• **WORK REQUIRED**
Beginning with the line that contains "Straight Diamond Half", restate each line below through the final one exactly, and exclude the pictures.
+ + + + +
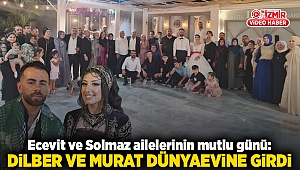 Ecevit ve Solmaz ailelerinin mutlu günü: Dilber ve Murat dünyaevine girdi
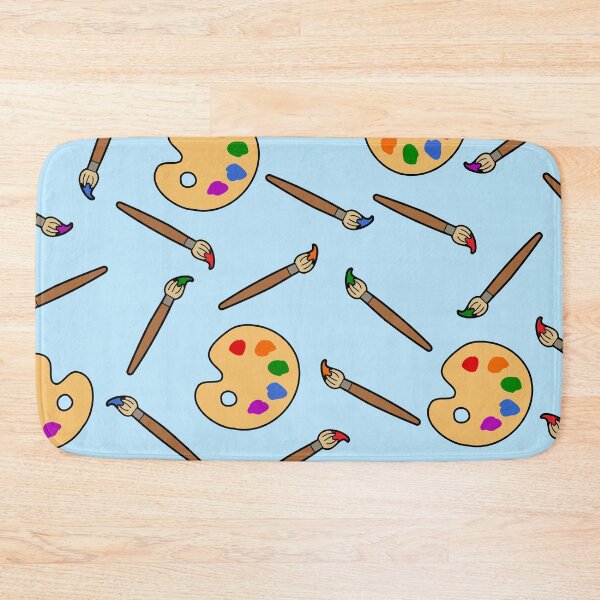 Item preview, Paintbrush and palette pattern designed and sold by Cathal O'Toole.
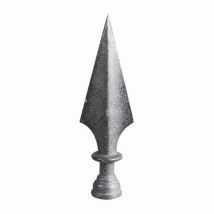 Pointe De Lance Flèche - H185mm L55mm Base Creuse Ronde Ø16mm - Fonte - À Coller - Bricoman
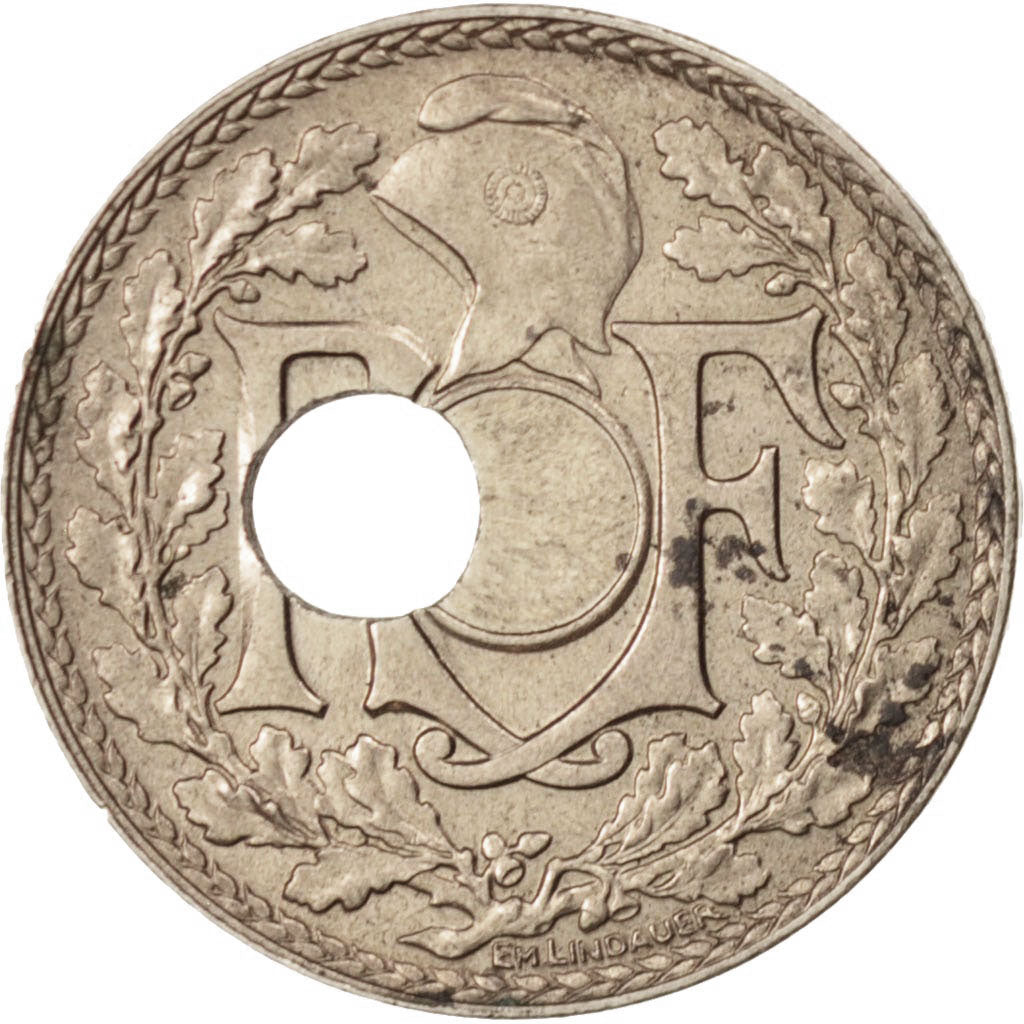 Monnaie, France, Lindauer, 10 Centimes, 1921, TTB+, Copper-nickel, KM:866a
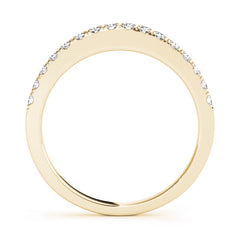 Straight Diamond Half Eternity Ring in Gold & Platinum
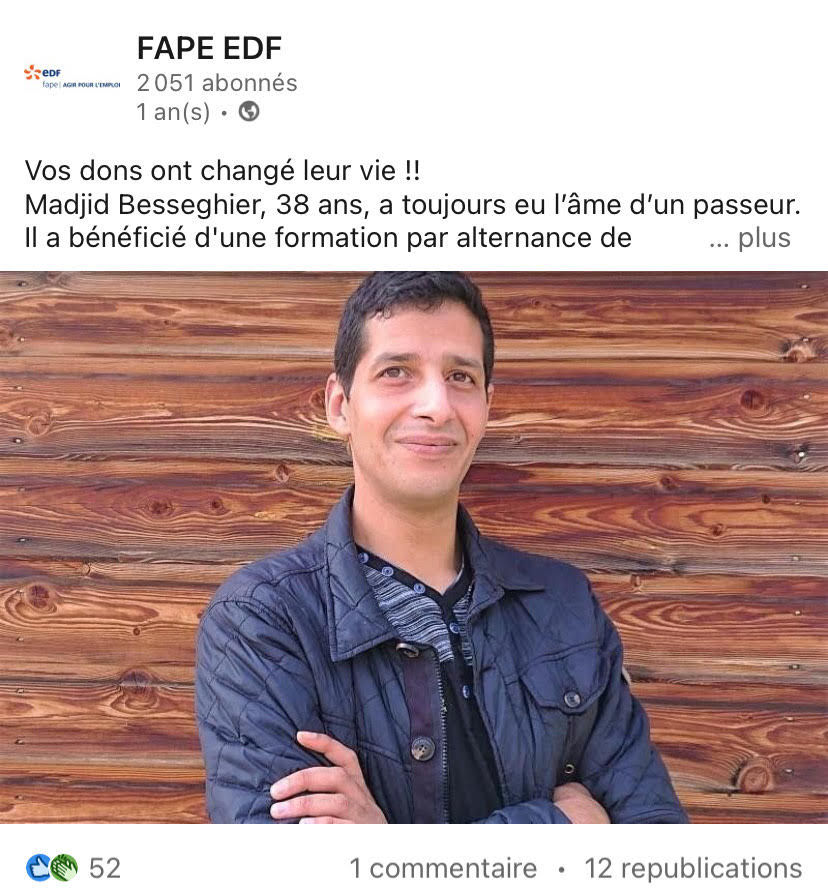 Post témoignage Fape Edf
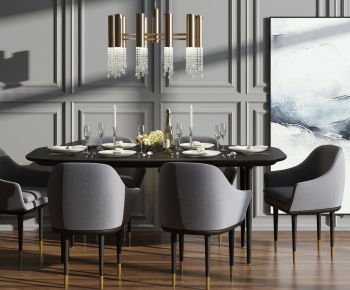 Post Modern Style Dining Table And Chairs-ID:882997143
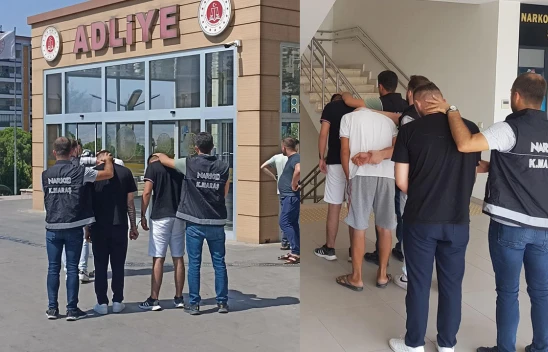 Kahramanmaraş'ta uyuşturucu operasyonunda 3 zanlı tutuklandı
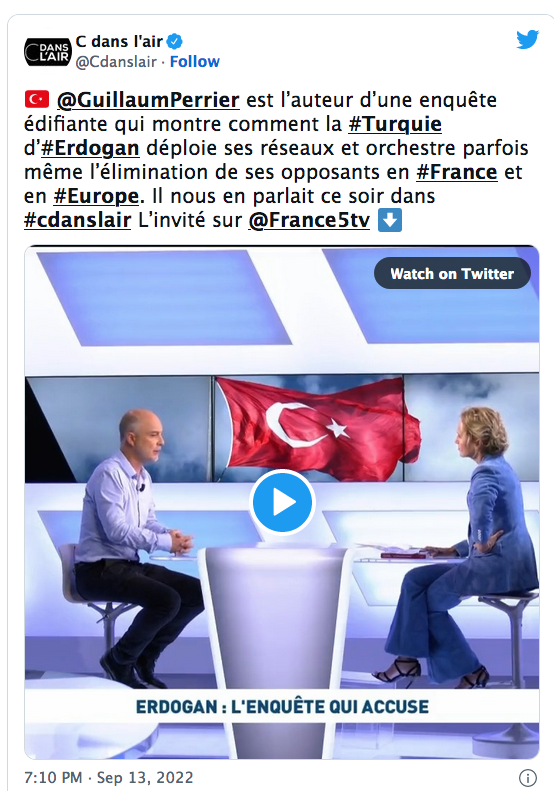Guillaume Perrier – Erdogan : l&rsquo;enquête qui accuse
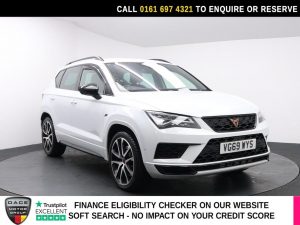 Used 2020 WHITE SEAT CUPRA ATECA SUV 2.0 TSI SUV 5dr Petrol DSG 4Drive Euro 6 (s/s) (300 ps) (reg. 2020-02-28) for sale in Manchester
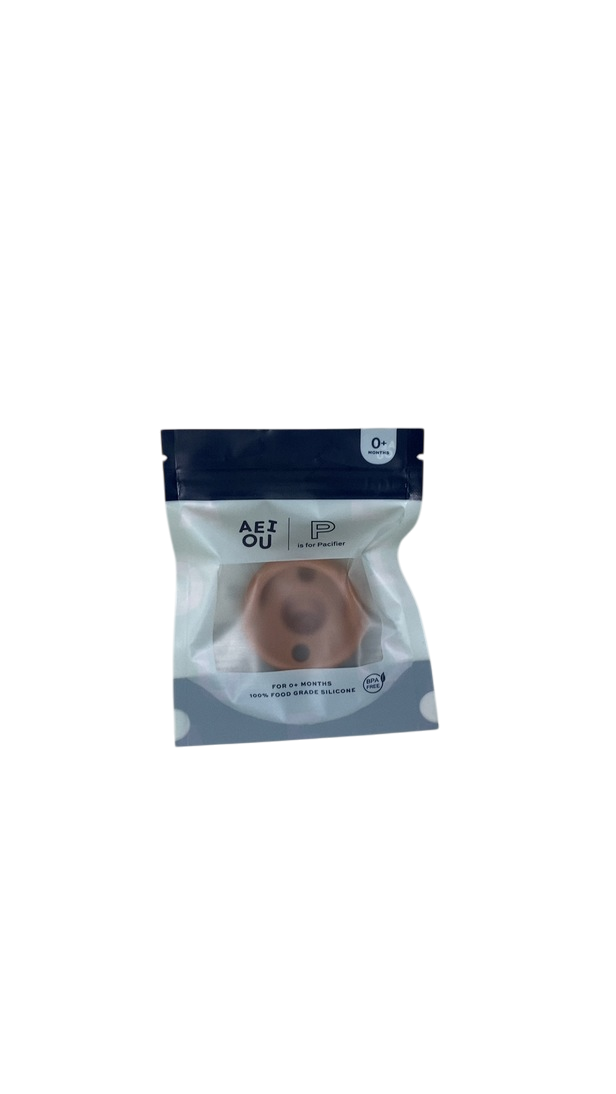 AEIOU Silicone Pacifier, Clay, 1 pack — GoodBuy Gear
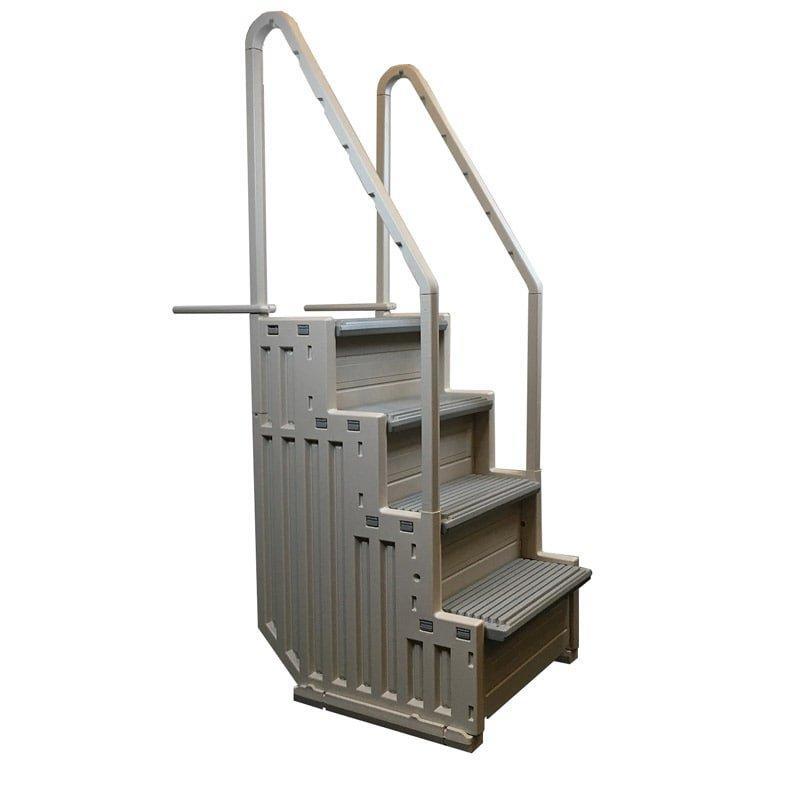 Confer Above Ground Pool Steps Gray Confer Plastics (STEP-1-X)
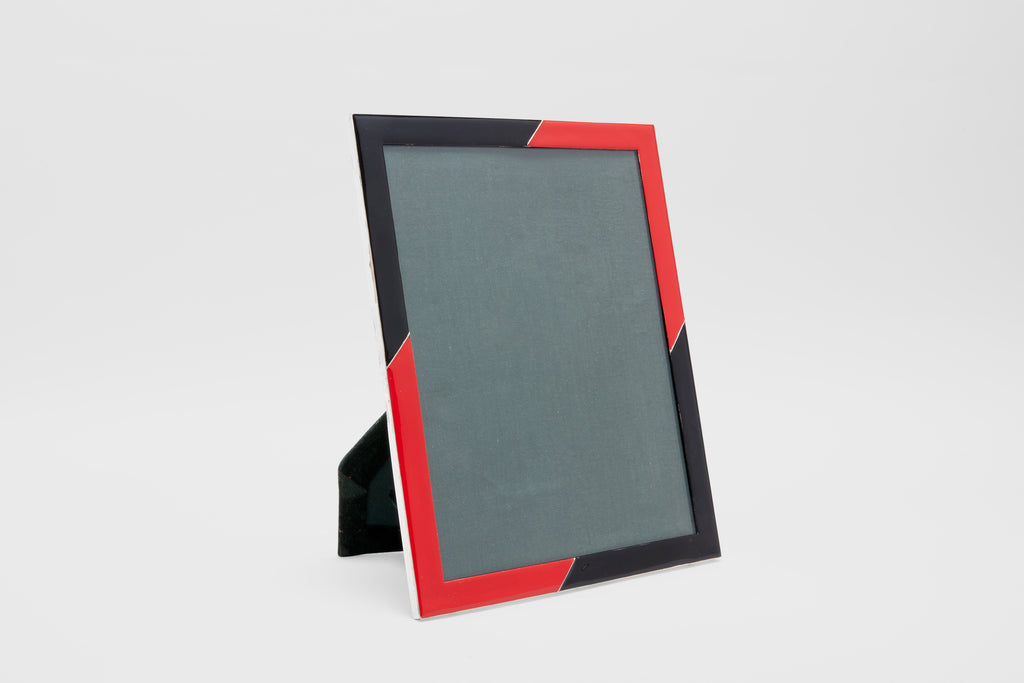 Sterling & Enamel Photo Frame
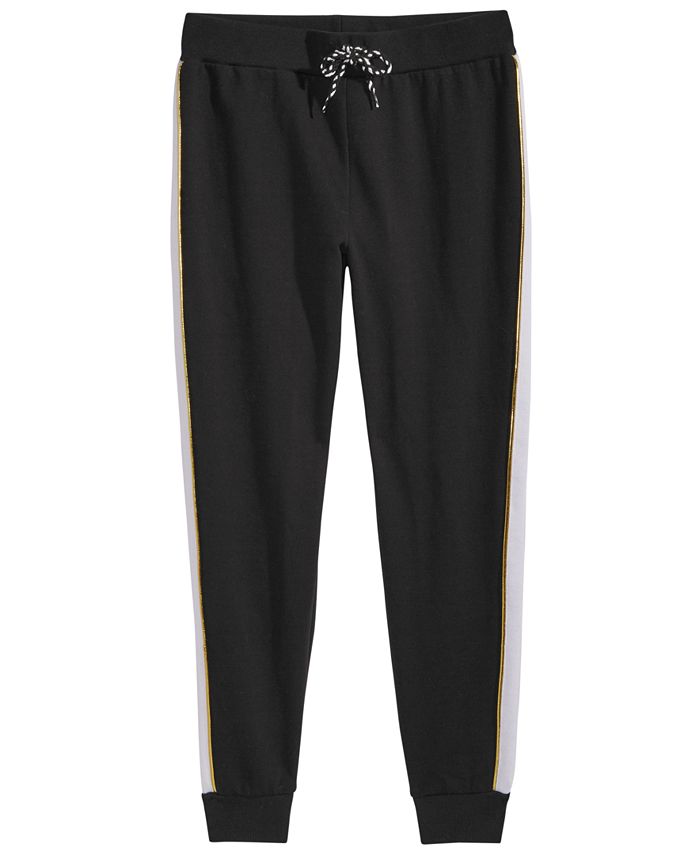 Epic Threads Tuxedo-Stripe Jogger Pants, Big Girls, Created for Macy's ...
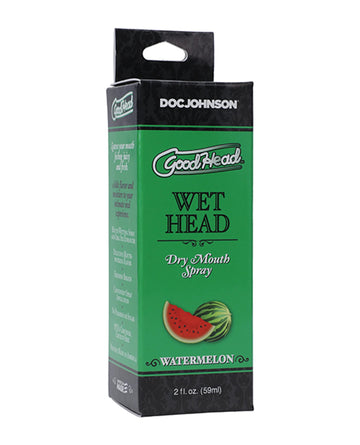 GOODHEAD WET HEAD DRY MOUTH SPRAY WATERMELON 2 OZ Doc Johnson Novelties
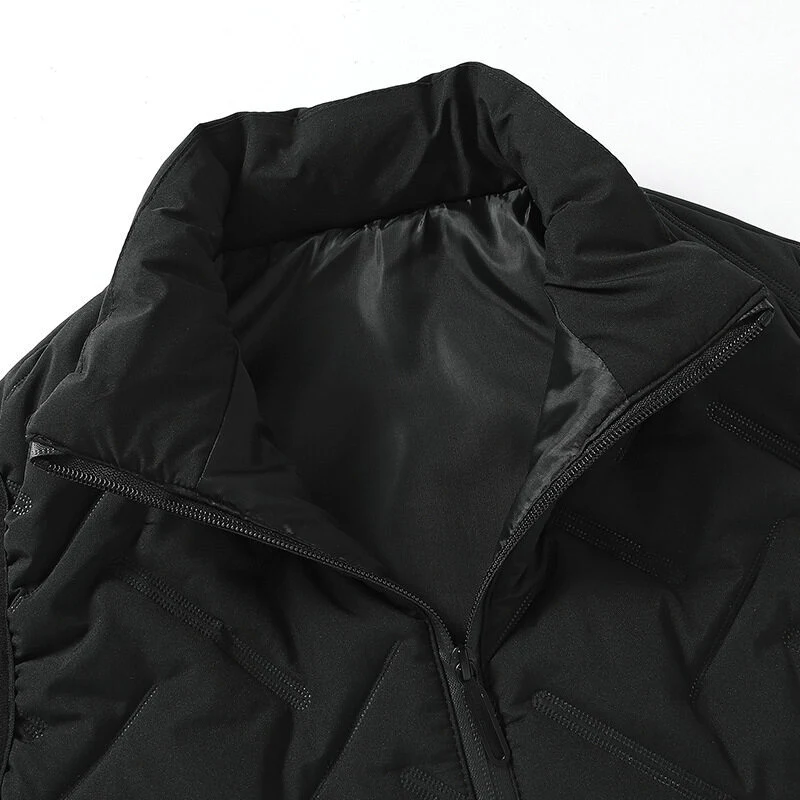 MOTO POC New Winter Cycling Vest Men Solid Color Stand Collar Breathable Thermal Waterproof Tank Tops Down Hiking Bicycle Vests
+ + + + +
• **WRITTEN ANSWER**
 Straight Diamond Half Eternity Ring in Gold & Platinum
 Post témoignage Fape Edf
 Post Modern Style Dining Table And Chairs-ID:882997143
 Kahramanmaraş'ta uyuşturucu operasyonunda 3 zanlı tutuklandı
Guillaume Perrier – Erdogan : l&rsquo;enquête qui accuse
 Used 2020 WHITE SEAT CUPRA ATECA SUV 2.0 TSI SUV 5dr Petrol DSG 4Drive Euro 6 (s/s) (300 ps) (reg. 2020-02-28) for sale in Manchester
 AEIOU Silicone Pacifier, Clay, 1 pack — GoodBuy Gear
 Confer Above Ground Pool Steps Gray Confer Plastics (STEP-1-X)
 Sterling & Enamel Photo Frame
 Epic Threads Tuxedo-Stripe Jogger Pants, Big Girls, Created for Macy's ...
 GOODHEAD WET HEAD DRY MOUTH SPRAY WATERMELON 2 OZ Doc Johnson Novelties
 MOTO POC New Winter Cycling Vest Men Solid Color Stand Collar Breathable Thermal Waterproof Tank Tops Down Hiking Bicycle Vests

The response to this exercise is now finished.